According to the authors of the survey if this percentage increases over time which it has in Meaford, it may indicate a decline in the municipality’s economic health. We are already seeing this as economic development over the past couple of years is biased to the rural area and the Town proper has experienced little activity and has had a reduction of families moving into town, leading to a school closure and a shortage of younger workers for local small businesses. Yes, the Board of Education did recently say that there are plans for a new “super K-12” school but there are no time-lines and this is a probably a replacement for all existing schools in Meaford.
Suffice it to say I am extremely disappointed in the misrepresentations by our mayor, who has a habit of publicly admonishing groups who have different opinions on how to operate our municipality more efficiently. If the errors in her recent message were unintentional mistakes – fine, admit them, but if she was trying to manipulate public opinion about the upcoming Service Delivery Review (i.e. all is well in Meaford) then this is not acceptable and I believe she should apologize for spreading false information. This upcoming review is the most important endeavour that this council can do as our taxes are way too high as evidenced by the 2015 BMA survey (just like the 2014 survey).
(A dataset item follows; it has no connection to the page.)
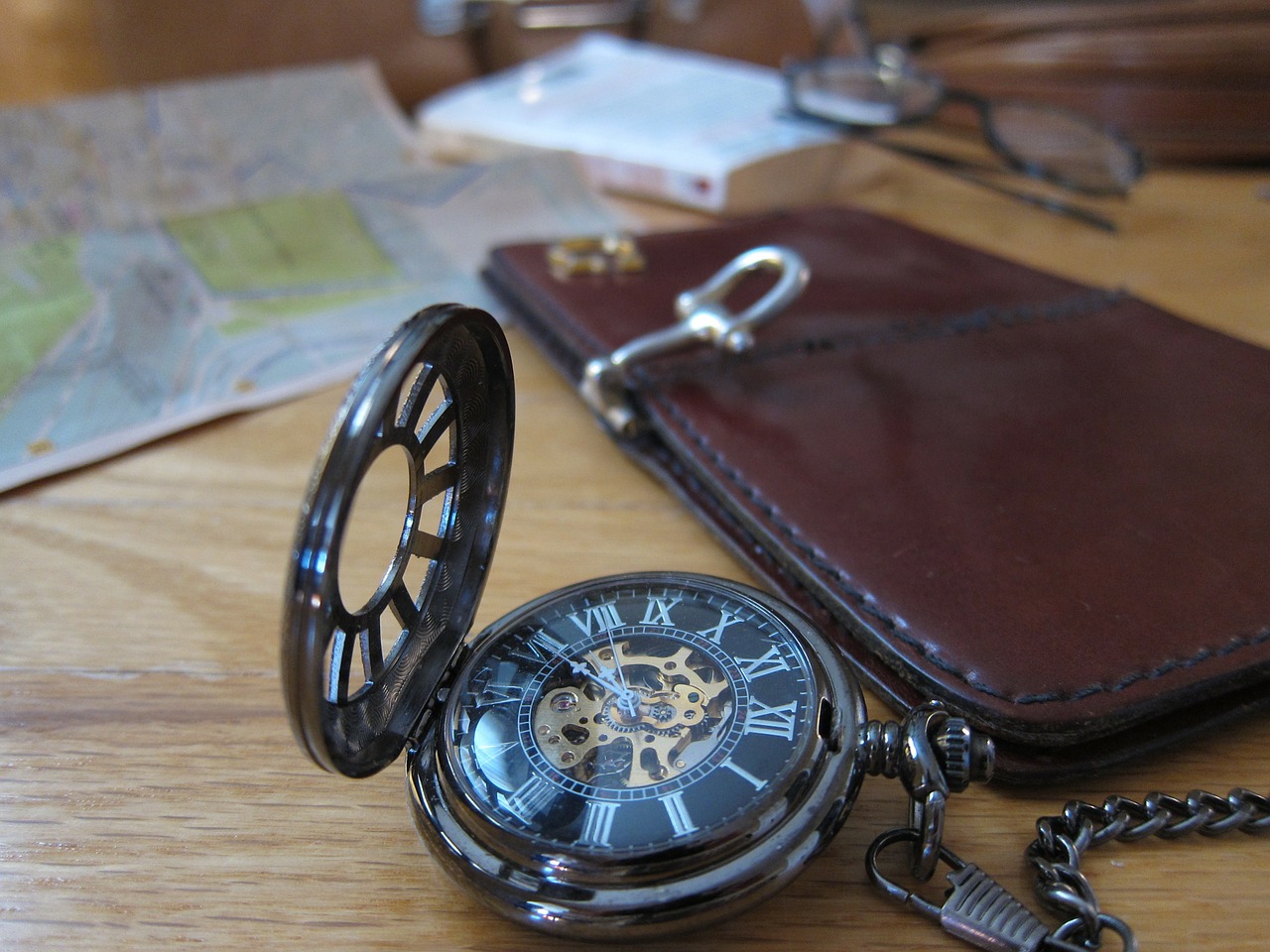 It will (not) be an adventure escape online 4 Orologio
In closing I do not totally disagree with the mayor’s message. Firstly I urge all residents to take the mayor’s invitation to attend all the meetings and tell her and the council that we are at the limit in our ability to pay any additional property taxes and we need new ideas to reduce the heavy burden we now have. This must include a reduction in spending on “wants” and the sharing of services with other municipalities. Please remember that any requests for more services need to be offset by a cut in something that the Municipality is doing now or our taxes will continue to spiral upwards. Secondly she is correct that Meaford is unique, but not for the above mostly seasonal businesses/services but because we are the highest cost, highest taxed municipality in Grey County, and if we do not do this Service Delivery Review correctly we will remain having this dubious distinction.